Seguramente porque me vio con una inexperiencia que daba pena a mí me sirvió todos los platos de fórmulas hiperbólicas y llenas de espantosas atrocidades lingüísticas con su terrible acento catalán, que exageraba tan al infinito como la sordera su compadre Luis Buñuel, con quien escribió la película "El perro andaluz".

“El verdadero pintor es el que es capaz de pintar escenas extraordinarias en medio de un desierto vacío. El verdadero pintor es el que es capaz de pintar pacientemente una pera en los momentos más tumultuosos de la historia”.

Largamente me desarrolló su teoría del caracol y de las razones matemáticas que le impulsaban a considerarlo como un animal perfecto. Por el rabillo del ojo veía cómo Gala se mondaba de risa.

Pero a Dalí –que había tenido la gallardía de recibir a un reportero que no entendía una papa de pintura y al que no conocían más que en su hotel a la hora de pagar, con muchos esfuerzos y repugnancia, el alquiler de su habitación—todo parecía importarle un comino.
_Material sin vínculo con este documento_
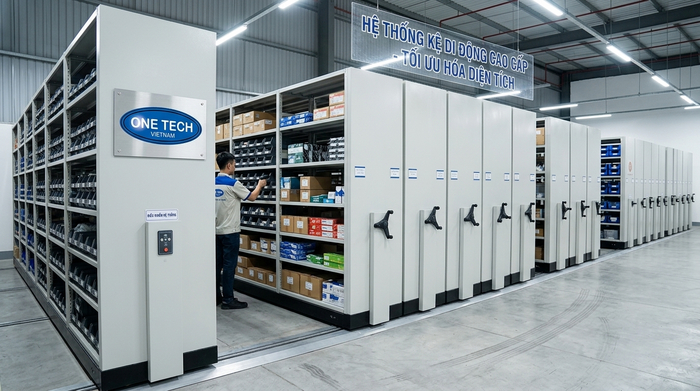 Minh họa tối ưu không gian kho bằng hệ kệ di động
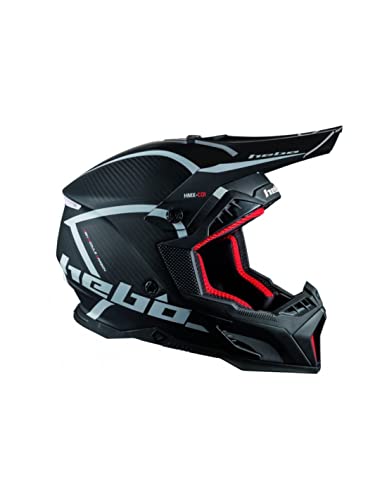 Hebo MX Legend Carbon Enduro Helm für Erwachsene, Unisex, Schwarz, XXL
Comerciante tan fabuloso como artista de una genialidad que ni él mismo comprendía, probablemente se decía que un periodista es un periodista por malo que sea y que la publicidad siempre es apreciable aunque resulte de pésima calidad.

Aquel día de 1957, Dalí era ya una infinita y rectilínea leyenda en todo el mundo del arte y de la farándula en el de las transacciones comerciales artísticas. Con Gala formaba una pareja que lucía con la luz propia de la gente a la que le importa un pito el qué dirán.

Todavía veo a Dalí sentado en un sofá de estilo (no se cuál, pero caro y lujoso con un bordado de flores sobre seda clara) impecable con su traje oscuro y su chaleco casi fosforecente. En una de las fotos que me han quedado imita con las dos manos unos ojos orientales, sin soltar en ningún momento uno de los bastones que nunca le abandonaban. Como caminaba perfectamente ahora me pregunto si no lo llevaba para evitar doblarse en dos de risa ante la majadería de la gente.

Pero, bueno, Maestro, aunque de veras ignoro si llegará a leer esta crónica de aquellos fabulosos años en que París todavía era una fiesta, quiero darle las gracias por haberme recibido aquel día, y luego otro, sin que en ningún momento se le ocurriese echarme a patadas ante mi ignorancia y mis sarcasmos pretenciosos.